10 yrs back this idyllic little Bridgeport apartment building was home to Needle House. The story is that back in the day it was a cop bar and, after that, it was a shooting gallery, earning its name from the stacks of needles the punks who took it over had to sweep up to settle in.

The entirety of the first floor was taken over by a half pipe and the basement was home to sweaty, smelly hardcore shows. The walls were completely covered by spraypainted stencil art by Joe Suta, who played in the house band Raise the Red Lantern, made art under the name Choke, and was the only dude I knew who lived there. About a decade before Sick Fisher was the king of painting murals on the doorways and awnings of hip businesses, Joe was doing the same thing. You can still, I think for now, see some of his work on the now-also-dead Uncle Fun on Belmont and in Threadless warehouse.

This was one of those reliable spots where, like buddY gallery, if you didn’t know of anything specific to do on on a Friday or Saturday night, you could just show up and expect cool punk rock shit and I would frequently trek across town from the Northside to hear bands sight unseen.
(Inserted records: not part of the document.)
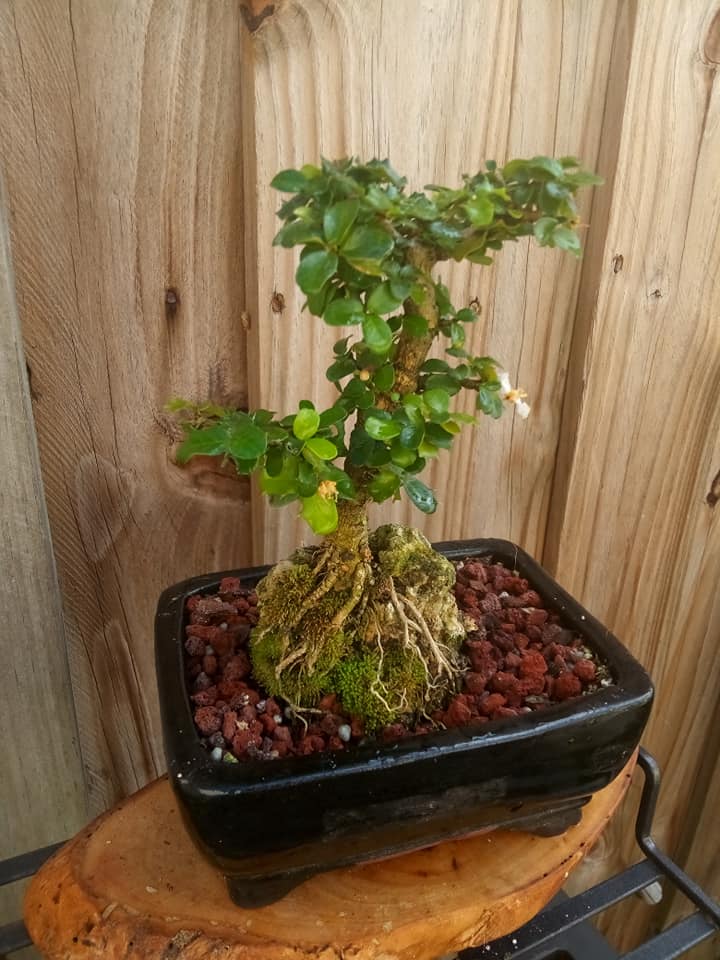 Japanese Art Bonsai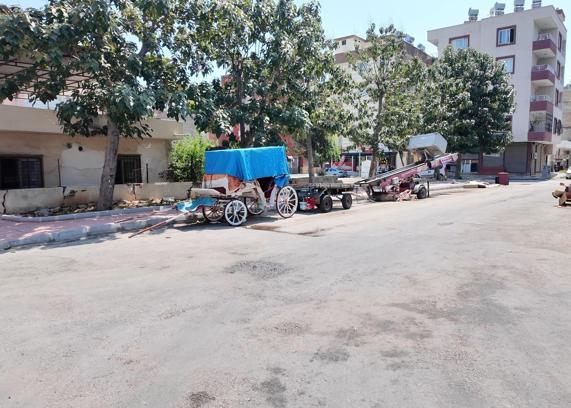 Mersin’de bitkin düşen at kurtarıldı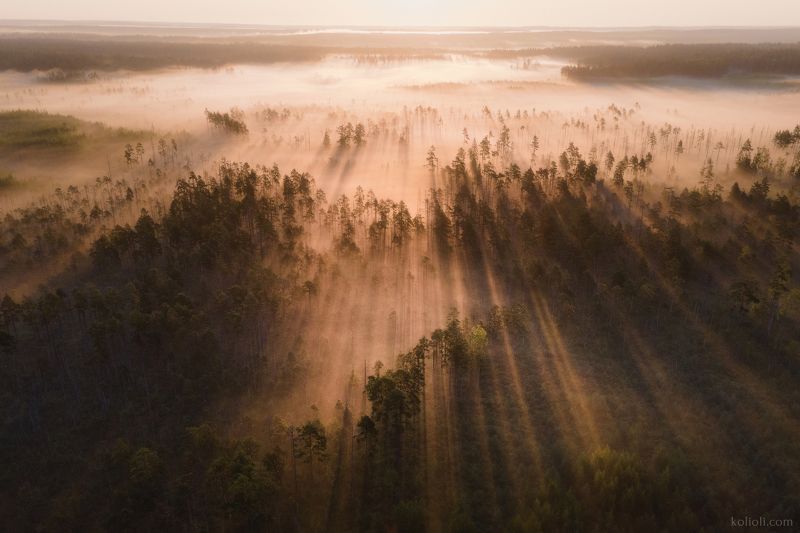 болото, карельский перешеек, ленинградская область, озерковый ландшафт, туман, рассвет Лето на болотах Карельского перешейкаphoto preview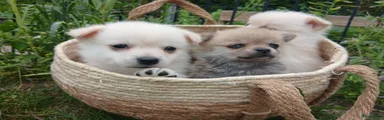 Pomchi 3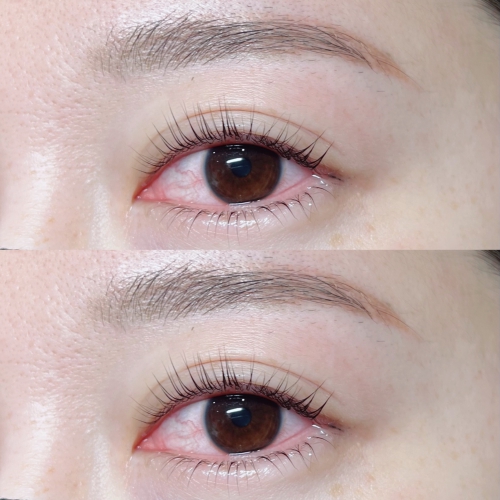 パリジェンヌラッシュリフト上下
The spot hosted a lot of shows with Southkore bands like Reaccion and Tras de Nada, touring acts like Iron Lung, and was the first place where I saw that weird whiteboy hardcore dancing where everybody does windmill kicks and calisthenics while facing the same direction and not touching each other. I don’t know where those bands came from but this was the only place I ever saw it in Chicago.

Bridgeport is a weird place, one of the only neighborhoods I know that became more diverse with gentrification. Traditionally, it was home to many of Chicago’s most famous mafia and political families, a place you weren’t supposed to go at night if you weren’t white, where 13-year old Lenard Clark was pulled off his bike and beaten to death in 1997 with one of the witnesses murdered and another disappeared before the trial, a place where I’ve been threatened for being gay (nope), Mexican (nope), AND white (kinda but kinda not, and also a long story) and god help me if any of those angry Catholics knew I was darkish and flamboyantish because I’m Jewish. It’s now the neighborhood that’s neck and neck with my ancestral home of Rogers Park as the most diverse I’m Chicago (I know this is due to some very site specific neighborhood factors that opened up new residential spaces, allowing for Mexican and Chinese American families to expand out of Bridgeport and Pilsen without displacing longtime residents and blah blah blah snore it’s still weird). When I used to show up on a Friday night, the place would be overflowing with grimy scumheads toting forties (and of course I was a grimy scumbag toting a forty too); when I drove by this afternoon, a cute Asian American couple in matching outfits were leaving for a jog.

DIY neighborhood notes: Simultaneous to Needle House, a different group of kids upstairs would sometimes host noise bands and art shows. I know I saw a side project with members of Coughs there but the name of the space completely eludes me. A couple years later, I would see the other Chicago Lab Rat, to be precise at one of at least two other Chicago Lab Rat’s play thrash ska along the lines of  Leftöver Crack in a condemned building some kids squatted in until it was demolished kitty corner on Halsted. After that the kids behind the burner rave zine Brilliantly Mad took over a storefront called the Emerald Palace and threw the type of magickal dance parties that ended in yoga. I don’t think they still throw parties there but they maintain a community garden in the backyard.

DISCLAIMER: I did little-to-no research, but everything is true as remembered and experienced. Memory is fallible and experiences vary. Names and dates may be completely off. People who I remember fondly may have been total monsters. People who were dickheads to me might have been perfect angels having a bad day.